> **What to work on**:
Write the listing out again word for word, leaving each picture behind.

> **Material provided**:
┏━━

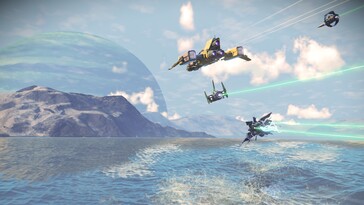 Uma imagem mostrando naves espaciais no No Man's Sky.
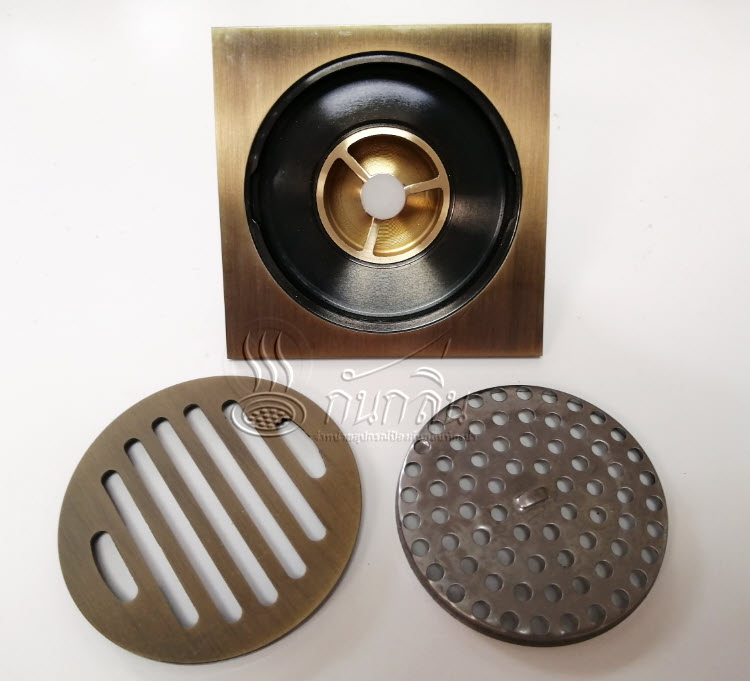 ชุดฟลอร์เดรนทองเหลืองแท้ ลายเสี้ยนดำ พร้อมอุปกรณ์กันกลิ่นทองเหลือ ตะแกรงกันกลิ่น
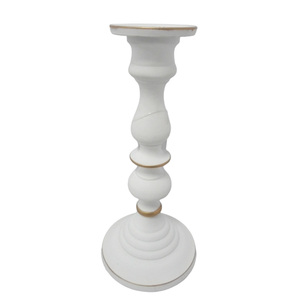 Juego de 2 candelabros de metal blanco con portavelas de color dorado para hoteles y decoración de bodas hecho a mano a granel - Product Image 1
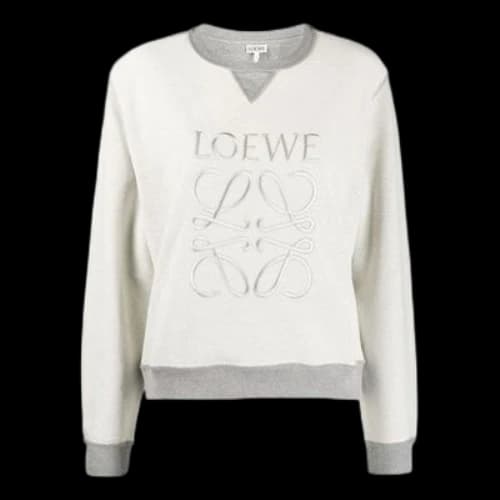 LOEWE FW20 Embroidery Logo Round Collar Female Grey (Women's)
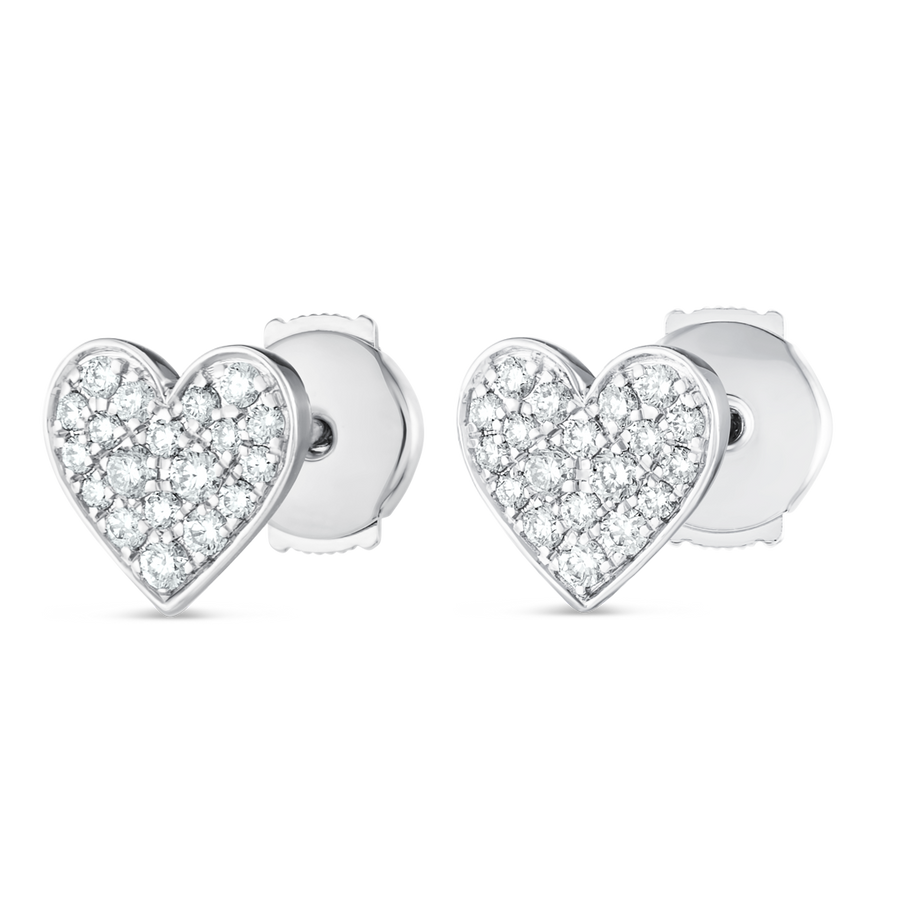 Natural Diamond Heart Earrings White Gold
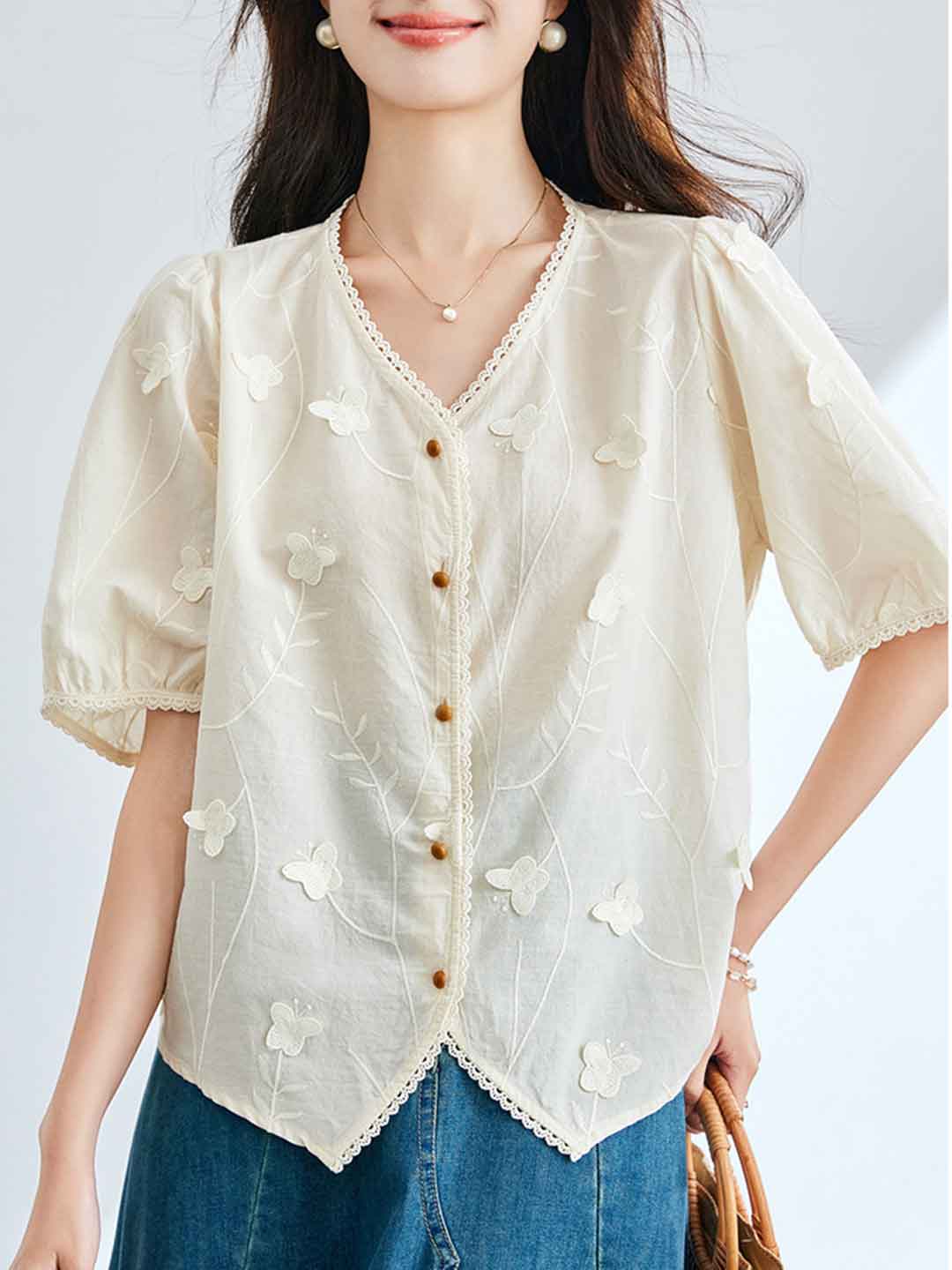 Jessica Retro V-Neck Puff Sleeve Lace Embroidered Top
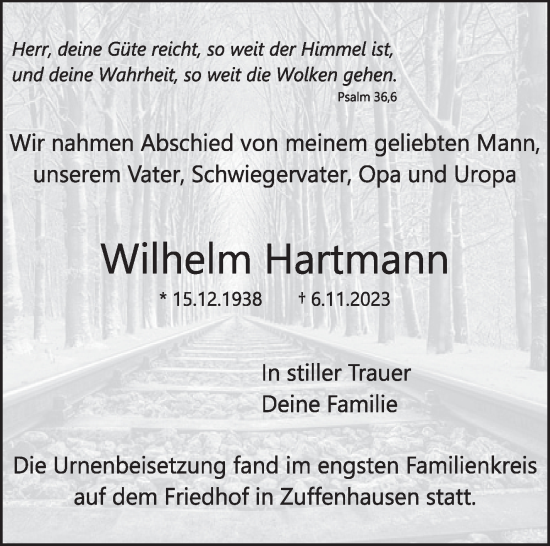 Traueranzeige von Wilhelm Hartmann von Stuttgarter Zeitung / Stuttgarter Nachrichten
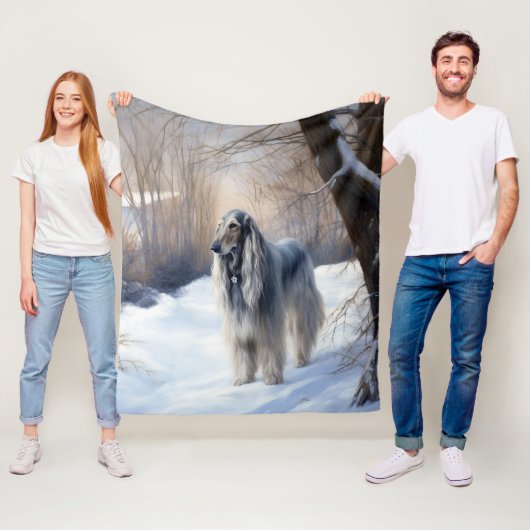 Afghanisches Hound lassen es Weihnachten schnee Fleecedecke (Beispiel)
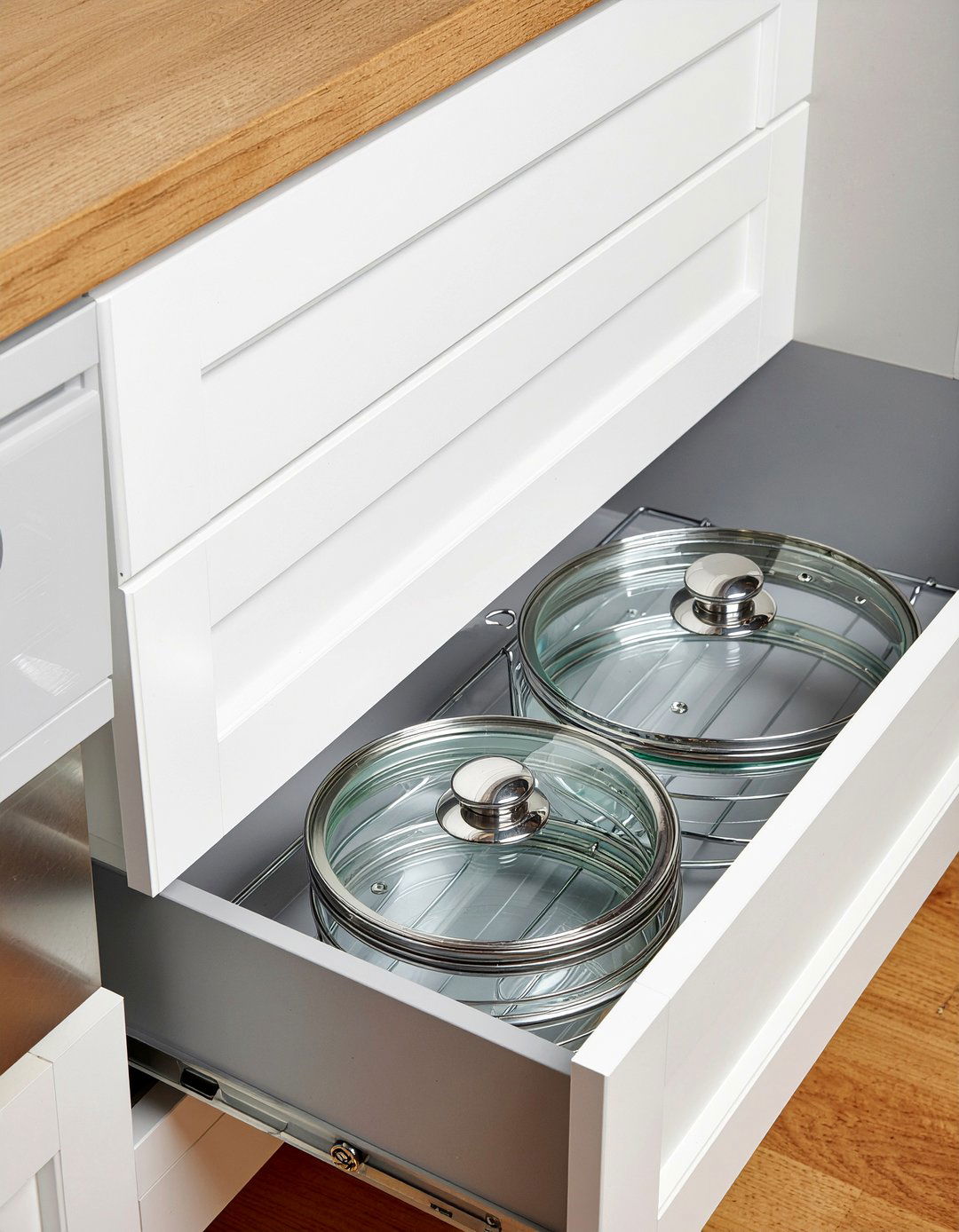 Vertical lid organizers - 30 pot and pan storage kitchen ideas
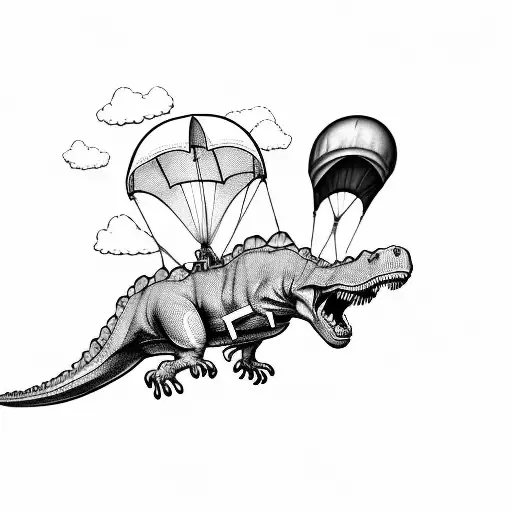 Dinosaur Parachuting From Plane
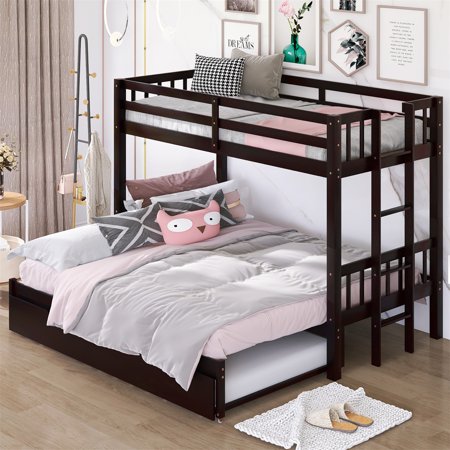 JINS&VICO Twin Over Twin Bunk Bed with Trundle  Wooden Bed Frame with Ladder and Guardrail  Down Bed Can be Stretched into 2 Twin Beds  Extendable Bunk Bed for Kids Teens Adults  Espresso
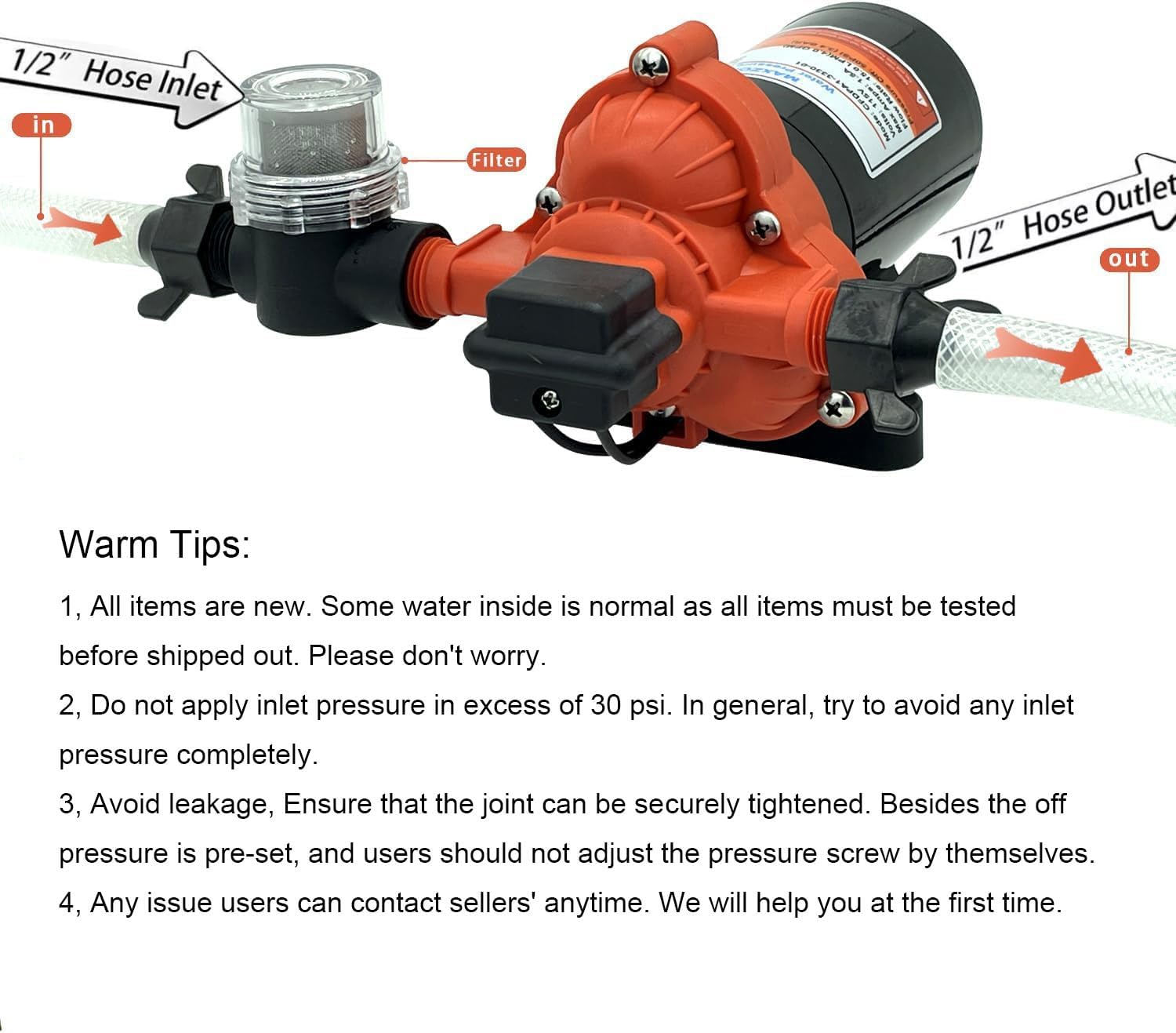 Detalle de RV Fresh Water Diaphragm Pump 12V DC, 4.0 GPM, 50 PSI — On-Demand Self-Priming for RVs, Boats, and Campers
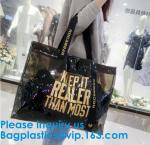 Vinyl PVC Shopping Bag, Shoulder Tote Bag Clear Waterproof Beach Handbag Custom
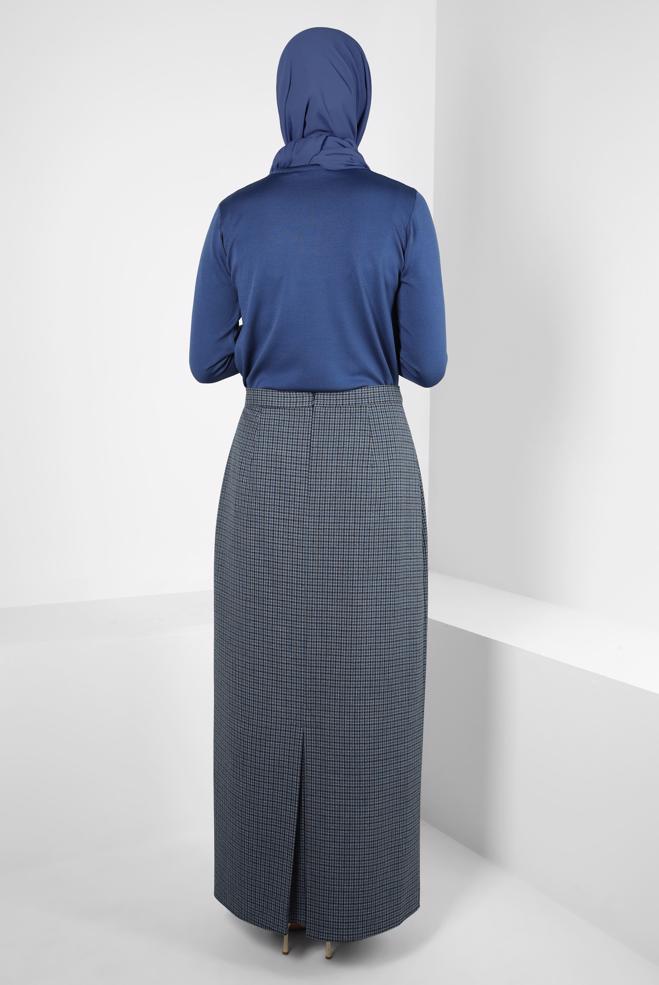 Tesettür giyim LACİVERT KARE DESENLİ ETEK 60519 - ALVİNA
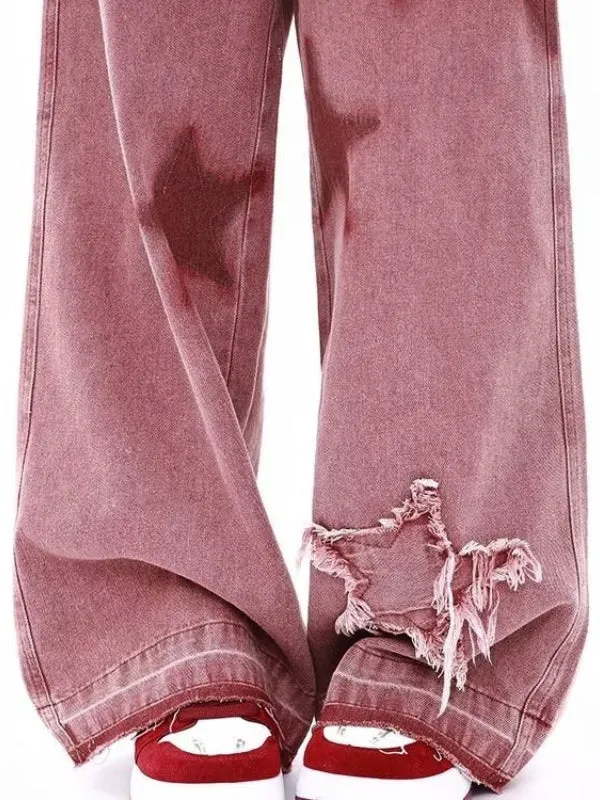 Wenkouban Pink hip hop boyfriend jeans with star pattern embroidery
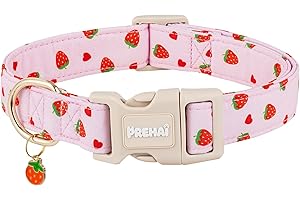PREHAI Pink Strawberry Dog Collar Sweet Spring Summer Collars with Cute Strawberries Pattern for Female Girl Small Medium Large Dogs S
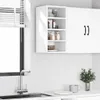 A white kitchen cabinet with shelves and doors, mounted on a white wall. Anteprima dell’immagine prodotto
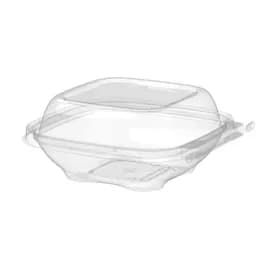 Safe-T-Chef® Deli Container Hinged 6.0625X5.875X2.625 IN PP Clear Square Microwave Safe Tamper-Evident 264/Case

┗━━

> **Solution for this task**:
 Uma imagem mostrando naves espaciais no No Man's Sky.
 ชุดฟลอร์เดรนทองเหลืองแท้ ลายเสี้ยนดำ พร้อมอุปกรณ์กันกลิ่นทองเหลือ ตะแกรงกันกลิ่น
 Juego de 2 candelabros de metal blanco con portavelas de color dorado para hoteles y decoración de bodas hecho a mano a granel - Product Image 1
 LOEWE FW20 Embroidery Logo Round Collar Female Grey (Women's)
 Natural Diamond Heart Earrings White Gold
 Jessica Retro V-Neck Puff Sleeve Lace Embroidered Top
 Traueranzeige von Wilhelm Hartmann von Stuttgarter Zeitung / Stuttgarter Nachrichten
 Afghanisches Hound lassen es Weihnachten schnee Fleecedecke (Beispiel)
 Vertical lid organizers - 30 pot and pan storage kitchen ideas
 Dinosaur Parachuting From Plane
 JINS&VICO Twin Over Twin Bunk Bed with Trundle  Wooden Bed Frame with Ladder and Guardrail  Down Bed Can be Stretched into 2 Twin Beds  Extendable Bunk Bed for Kids Teens Adults  Espresso
 Detalle de RV Fresh Water Diaphragm Pump 12V DC, 4.0 GPM, 50 PSI — On-Demand Self-Priming for RVs, Boats, and Campers
 Vinyl PVC Shopping Bag, Shoulder Tote Bag Clear Waterproof Beach Handbag Custom
 Tesettür giyim LACİVERT KARE DESENLİ ETEK 60519 - ALVİNA
 Wenkouban Pink hip hop boyfriend jeans with star pattern embroidery
PREHAI Pink Strawberry Dog Collar Sweet Spring Summer Collars with Cute Strawberries Pattern for Female Girl Small Medium Large Dogs S
 A white kitchen cabinet with shelves and doors, mounted on a white wall. Anteprima dell’immagine prodotto
 Safe-T-Chef® Deli Container Hinged 6.0625X5.875X2.625 IN PP Clear Square Microwave Safe Tamper-Evident 264/Case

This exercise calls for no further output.